Вот хохлам бы сейчас о том задуматься… Тут ведь и вовсе не чужая страна. И с цветами их тут точно никто не встречал. Если уж в будущее заглянуть ума не хватает – хоть бы в прошлое оглянулись. Хоть вон в то же афганское…
А самого Александра спас тогда от расправы тот самый таджик, попутчик из древнего "МАЗа". Тогда, в пустыне на том простреленном железном динозавре остановка была вовсе не для того, чтобы прикопать русского в пустыне. Старик просто достал какую-то коробочку с маленькими зелёными шариками и бросил часть из них себе в рот. Какой-то наркотик. А потом сказал:
- Москава - карош. Русия карош. Ахмад Шах карош. Талиба - палох.
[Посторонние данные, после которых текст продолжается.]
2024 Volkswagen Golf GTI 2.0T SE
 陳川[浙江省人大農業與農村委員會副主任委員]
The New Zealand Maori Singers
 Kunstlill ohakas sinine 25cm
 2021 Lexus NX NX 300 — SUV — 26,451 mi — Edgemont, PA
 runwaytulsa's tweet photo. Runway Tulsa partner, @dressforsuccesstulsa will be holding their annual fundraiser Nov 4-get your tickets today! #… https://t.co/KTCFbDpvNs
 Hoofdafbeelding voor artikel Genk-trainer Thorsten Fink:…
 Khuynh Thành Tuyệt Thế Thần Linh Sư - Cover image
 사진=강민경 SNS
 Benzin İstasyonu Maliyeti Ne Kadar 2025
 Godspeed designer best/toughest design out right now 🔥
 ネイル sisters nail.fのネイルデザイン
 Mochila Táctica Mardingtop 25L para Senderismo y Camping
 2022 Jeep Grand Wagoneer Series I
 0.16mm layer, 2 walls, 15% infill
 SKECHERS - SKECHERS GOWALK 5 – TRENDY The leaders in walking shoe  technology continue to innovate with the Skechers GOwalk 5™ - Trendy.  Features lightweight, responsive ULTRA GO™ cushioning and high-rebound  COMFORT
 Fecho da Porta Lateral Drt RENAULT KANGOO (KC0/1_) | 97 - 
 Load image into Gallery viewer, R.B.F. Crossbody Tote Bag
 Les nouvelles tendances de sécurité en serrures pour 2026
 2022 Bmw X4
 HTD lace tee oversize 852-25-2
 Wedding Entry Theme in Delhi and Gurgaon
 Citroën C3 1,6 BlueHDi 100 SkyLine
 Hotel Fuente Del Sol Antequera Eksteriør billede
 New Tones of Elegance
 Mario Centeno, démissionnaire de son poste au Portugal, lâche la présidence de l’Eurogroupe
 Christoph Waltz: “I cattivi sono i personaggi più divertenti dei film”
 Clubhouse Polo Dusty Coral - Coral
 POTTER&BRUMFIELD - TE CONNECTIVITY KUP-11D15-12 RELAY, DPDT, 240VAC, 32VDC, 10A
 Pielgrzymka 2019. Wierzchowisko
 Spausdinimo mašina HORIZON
После чего снова пришпорил своего бронтозавра. И тем самым словно разрешил напряжению раствориться в воздухе. И первым, кто заговорил с русским, стал таджик. Как оказалось, беженец от своей гражданской войны, что разразилась в Таджикистане после распада СССР. Беженец был не "вовчиком", не был он и "юрчиком" – чужая жертва в чужой войне. И теперь застрял он в Афганистане, но из слов его лилась такая тоска по родине, причём именно по советской родине, что буквально сжималось сердце! От осознания невозможности хоть чем-то помочь ему…
Зато помог таджик. Он бурно, даже яростно стал что-то говорить толкающим Александра солдатам, а потом даже забежал вперёд и встал у них на пути! Да-а, мужественный дядька. Правда, имя "Дустум" звучало с частотой пулемёта – Александр успел во время поездки рассказать, по чьему приглашению он здесь, - что, судя по всему, в конце концов и заставило солдат отказаться от своего кровожадного намерения. Но по сути таджик жизнью своей вписался за бывшего соотечественника!
Как много на свете хороших людей! Ну какие фашисты их одолеют?